Now that the Oscars are over…. it’s get back to the real work.

On this day in 1855, Congress allocated $30,000 to equip the U.S. Army with camels to operate in the arid territories of the West. The project ended with the beginning of the Civil War.

The idea seems like a simple one, not to mention a good one: equip the U.S. army with camels instead of horses or mules to ease movements and operations in the ever-expanding Western territories of the 1840s and 1850s.

On March 3, 1855 ­— 170 years ago Monday — Congress appropriated funds for the Army to buy and train camels.

It might have worked out, too … were it not for a little military disruption called the Civil War.

Bringing Camels To America

As the United States acquired Texas and began pushing westward toward California, the U.S. Army found it increasingly difficult to operate in arid regions it found there.

As early as 1836, the idea of using camels instead of horses or mules had been floated.
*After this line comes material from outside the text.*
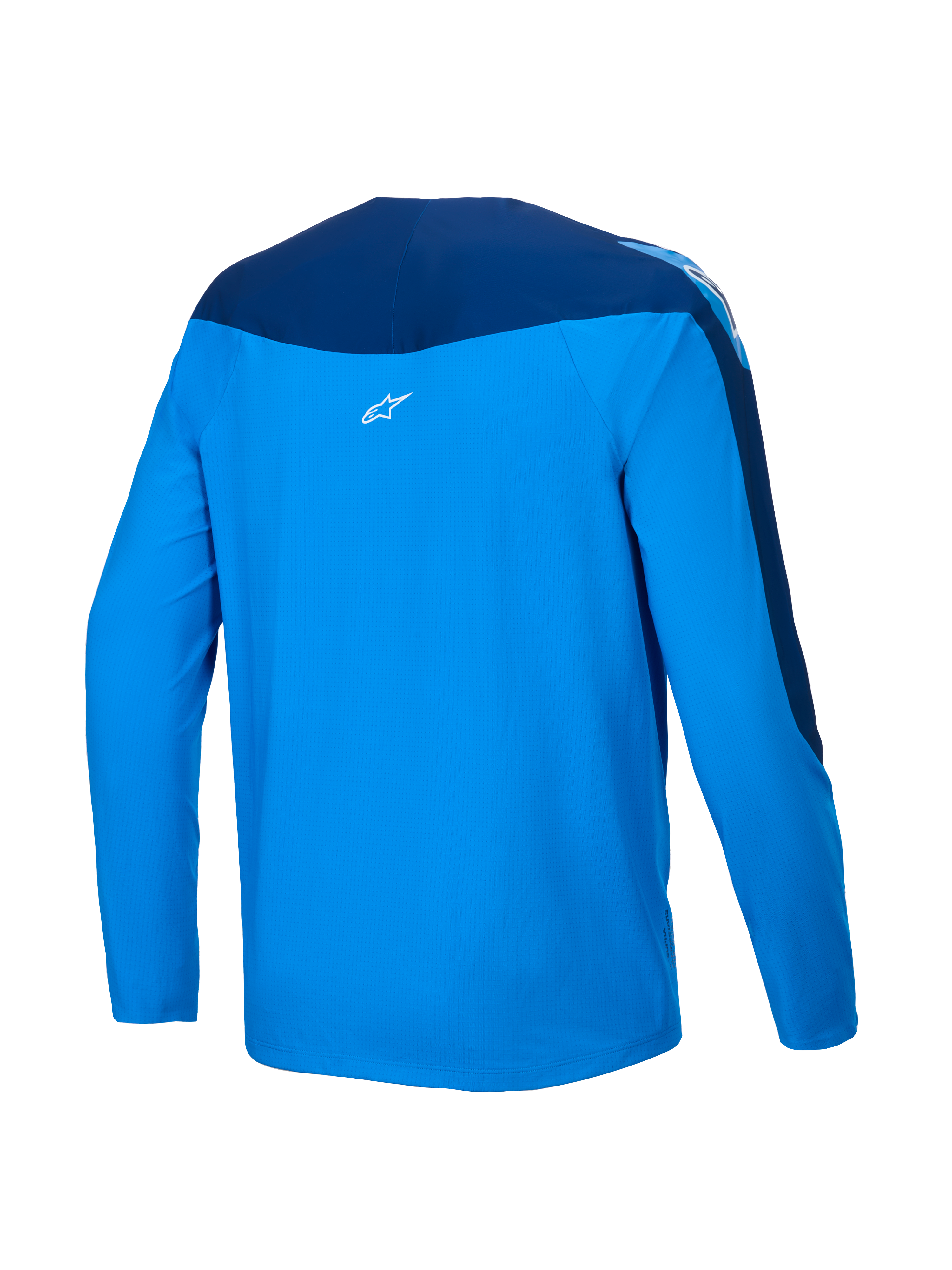 Alpinestars Koszulka A-Supra Melt, męska koszulka rowerowa MTB z długim rękawem, widok z tyłu przedstawiający niebieski i ciemnoniebieski kolor, lekki mikroperforowany poliester z elastycznymi panelami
But no one took the suggestion seriously until 1848, when Maj. Henry C. Wayne of the Quartermaster Corps began pushing for camels. He gained an ally with Mississippi Sen. Jefferson Davis, but again, Congress wasn’t inclined to allocate funds to such a project.
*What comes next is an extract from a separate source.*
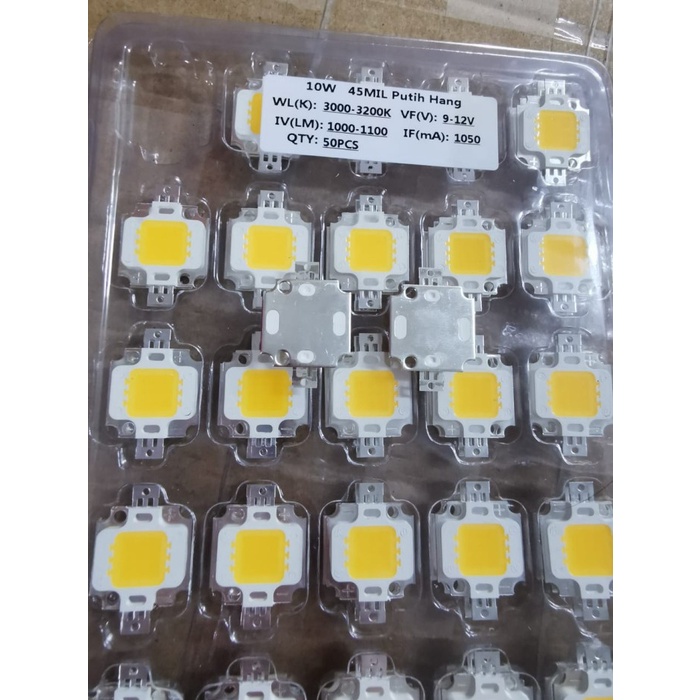 (50 Pcs) HPL 10W + Pendingin WARM WHITE High Power LED 10 Watt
Flash forward to 1855, when Franklin Pierce was president and Davis had become Secretary of War. That year, Davis managed to talk Congress into appropriating $30,000 to acquire enough camels to give them a tryout.

Davis gave Wayne the job of traveling to the Mediterranean region to select and buy camels. The USS Supply was tasked with bringing them to the United States.

A two-humped Bactrian camel is loaded onto the USS Supply. Sailors were forced to modify the ship to carry these larger camels. Source: U.S. Army

Wayne bought 41 camels of several different breeds in Turkey, Egypt and Tunisia, as well as saddles and other equipment and hired five Arab camel drivers.

The camels arrived in Indianola, Texas, on May 14, 1856, and by June, had been marched to the new home of the U.S. Camel Corps at Camp Verde, in central Texas. A few months later, a second shipment of 29 more camels arrived.

Soldiers began training in how to care for the camels as well as how to load and ride them. The camels were used in a number of long supply and reconnaissance missions in and around the Southwestern territories. In 1860, Lt. Col. Robert E. Lee, a military engineer, took the camels on a long-range patrol. He and other leaders gave the camels high marks, but military leaders lost their willingness to experiment with camels as the Civil War loomed.

Upsides To Using Camels

-Camels could carry heavier loads than mules or horses.

-Camels needed little food and water compared to mules and horses, so expeditions would need to carry less food for them.

-Camels could eat food growing along desert routes that mules and horses would not.

-Camels didn’t require shoeing.

-Camels could ford rivers much easier and with a smaller risk of drowning.

– Camels could climb mountain trails better than wagons and wouldn’t get stuck in the mud like wagon wheels.

Army camels were trained to keep their heads lowered to not block the line of fire for their riders.

-Caring, equipping and even riding camels required a different set of skills than caring for or riding a horse or mule.

-Troops often got motion sickness riding camels.

-Camels smell really bad — so bad that it bothered soldiers and horses.

-When excited or exerted, a camel would blow mucus out its mouth or nose.

-When under stress, a camel will show its displeasure by vomiting.

-Camels tend to poop without much warning for anyone who may be standing or riding behind them.

End of The Trial

Southern states began to secede from the Union in late 1860 and early 1861, causing a number of changes that would affect the U.S. Army and its Camel Corps.

Davis, who had returned to the U.S. Senate in 1857, resigned from office and was eventually elected president of the Confederate States of America. Lee, too, resigned his commission, became a military adviser for Davis and, later, was given command of the Confederate Army of Northern Virginia.

Texas officially seceded from the Union on March 2, 1861. But, two days before, Confederate troops had captured Camp Verde, where more than 80 camels and two of the Arabic camel drivers were based.

Confederate troops tried using camels to transport food and cotton between Texas cities and Mexico but soon gave up their efforts. A few of the camels were sent elsewhere and a handful were simply turned loose.

When the U.S. Army regained control of Camp Verde in 1865, troops found 66 camels still there. Five were sold to the Ringling Brothers Circus and some were made into jerky. Some were sent to Arizona, where they lived out the rest of their lifetimes.

And some were left to wander through the Southwest, where legends about them grew.